• Information provided:
# # # # # # #
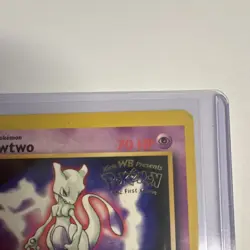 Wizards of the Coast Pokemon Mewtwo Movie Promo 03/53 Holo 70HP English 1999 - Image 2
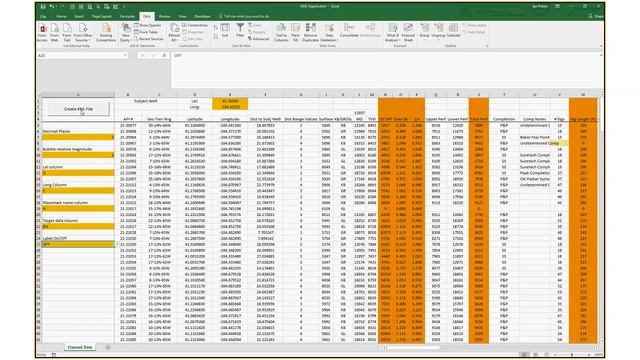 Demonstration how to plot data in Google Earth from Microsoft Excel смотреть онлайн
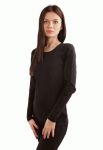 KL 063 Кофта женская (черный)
# # # # # # #
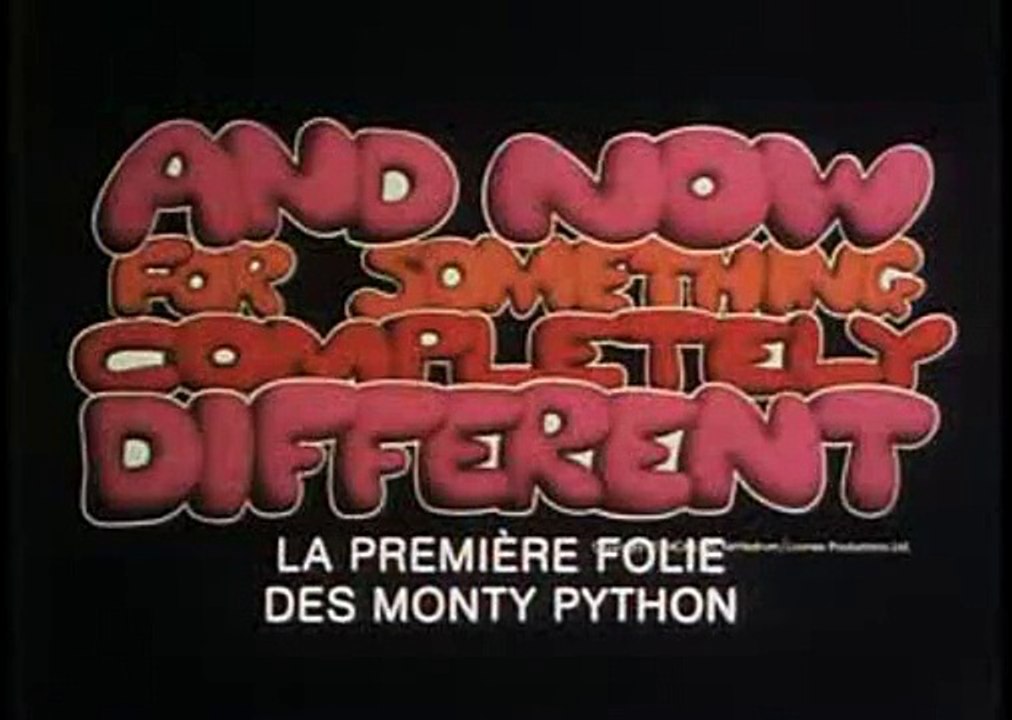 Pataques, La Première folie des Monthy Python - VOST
# # # # # # #
• Work order:
From the records above, write out exactly the lines that begin at the line with "Demonstration how to" and end at the line with "KL 063 Кофта женская (черный)". Pictures must not appear in the output.

• Reply to the task:
 Demonstration how to plot data in Google Earth from Microsoft Excel смотреть онлайн
 KL 063 Кофта женская (черный)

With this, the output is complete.